Senin, 01 Agustus 2011

Ramadhan Bulan Bisnis Dunia Akhirat

Oleh: Muhammad Dayyan

Ramadhan datang. Pedagang musiman mendadak memadati trotoar sepanjang jalan di kota-kota, mulai dari pedagang makanan menu berbuka sampai pedagang pakaian lebaran. Tak ketinggalan restoran dan hotel menawarkan menu berbuka dan sahur dengan harga khusus. Ramadhan membawa berkah dengan menawarkan keuntungan pahala yang berlipat ganda bagi yang mau mengerjakan amalan kebaikan. Juga momentum memperoleh keuntungan bisnis yang menjanjikan.


Dibulan ini ummat muslim selain disibukkan dengan ibadah juga disibukkan untuk persiapan berbuka dan persiapan lebaran. Disinilah peluang bisnis. Untuk mendapatkan keuntungan ukhrawi disahuti oleh seluruh manusia yang beriman untuk meningkatkan ibadah dalam berbagai bentuk guna meraih gelar muttaqin. Tarawih, witir, tadarus, i’tikaf, infaq, shadaqah, umrah sampai tidurpun dinilai ibadah dalam bulan ini. Tentu bulan ini sangat menjanjikan untuk investasi akhirat. 

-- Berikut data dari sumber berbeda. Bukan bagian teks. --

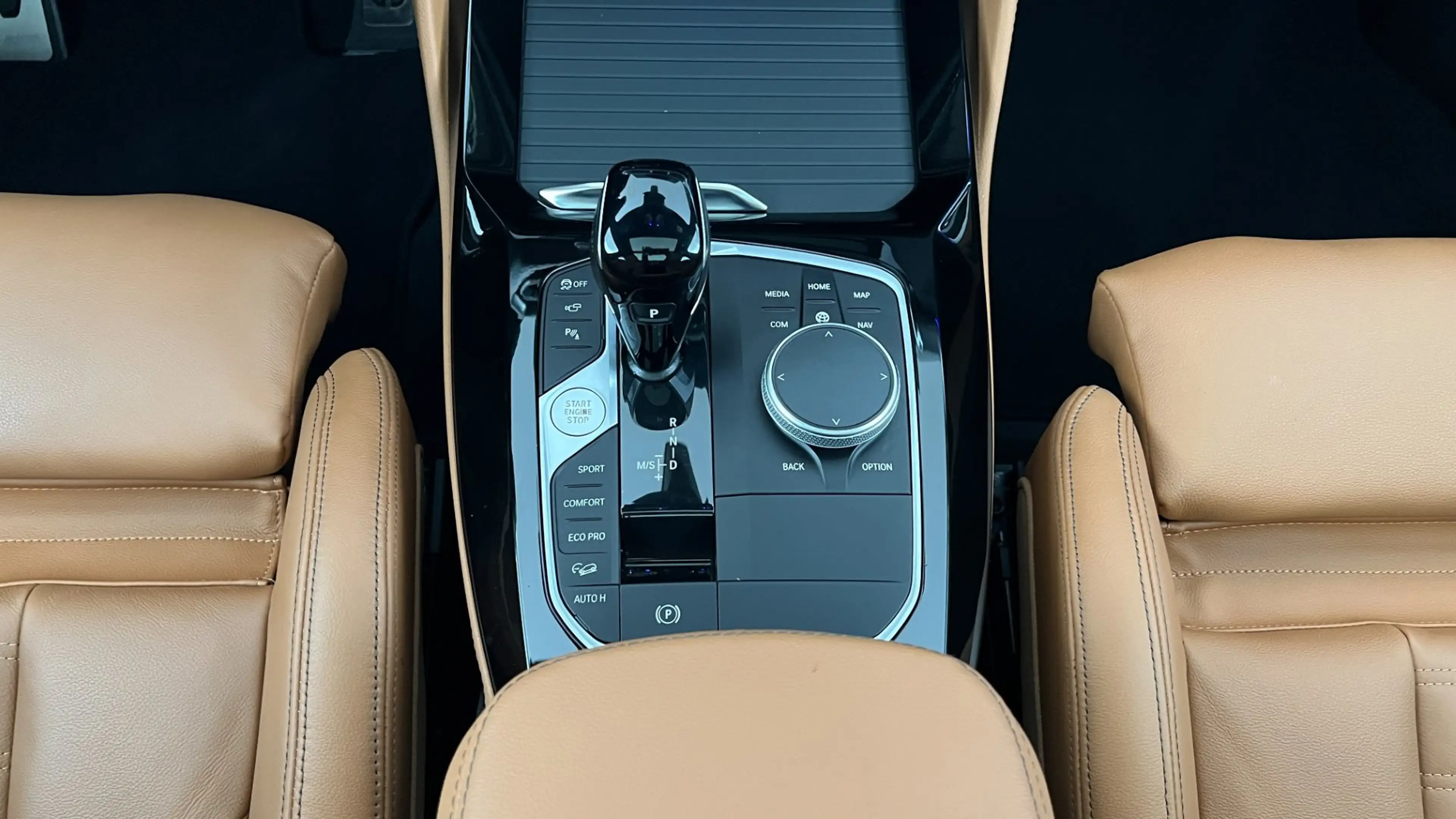 BMW X4 xDrive20d — photo 11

Ramadhan tidak hanya menjanjikan keuntungan pahala yang berlipat ganda, juga keuntungan bisnis dunia yang cukup mengiurkan. Dengan adanya lonjakan  permintaan terhadap barang dan jasa yang meningkat tajam, berlakulah hukum ekonomi ‘meningkatnya permintaan akan memicu kenaikan harga’.

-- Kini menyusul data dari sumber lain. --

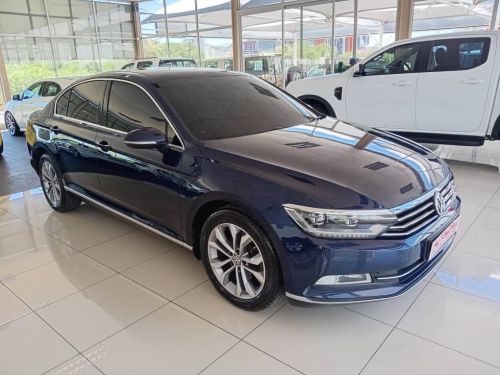 Pre-owned Volkswagen Passat 1.8TSi DSG Hiline for sale in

Keuntungan dunia akhirat merupakan berkah dan rahmat ramadhan. Ironisnya masih banyak diantara kita yang memisahkan keduanya. Sebagian mengejar keuntungan akhirat meninggalkan bisnis dunia. Mereka tidur dan bermalas-malasan disiang hari menyongsong malam dengan berbagai ibadah. Sebaliknya yang mengejar bisnis dunia meninggalkan keuntungan investasi akhirat. Sibuk menyiapkan dagangan untuk bisnis disiang hari dan absen ke mesjid baik malam atau siang. Bahkan tragisnya ada sebagian dari kita melupakan dan abai keduanya. Tidur sepanjang hari menanti waktu berbuka untuk makan sekenyang-kenyangnya hingga badan berat melangkah untuk beribadah. Apakah memang Islam memisahkan keduanya? Bisakah kita memperoleh keduanya? Atau tidak keduanya? Itu terserah kita.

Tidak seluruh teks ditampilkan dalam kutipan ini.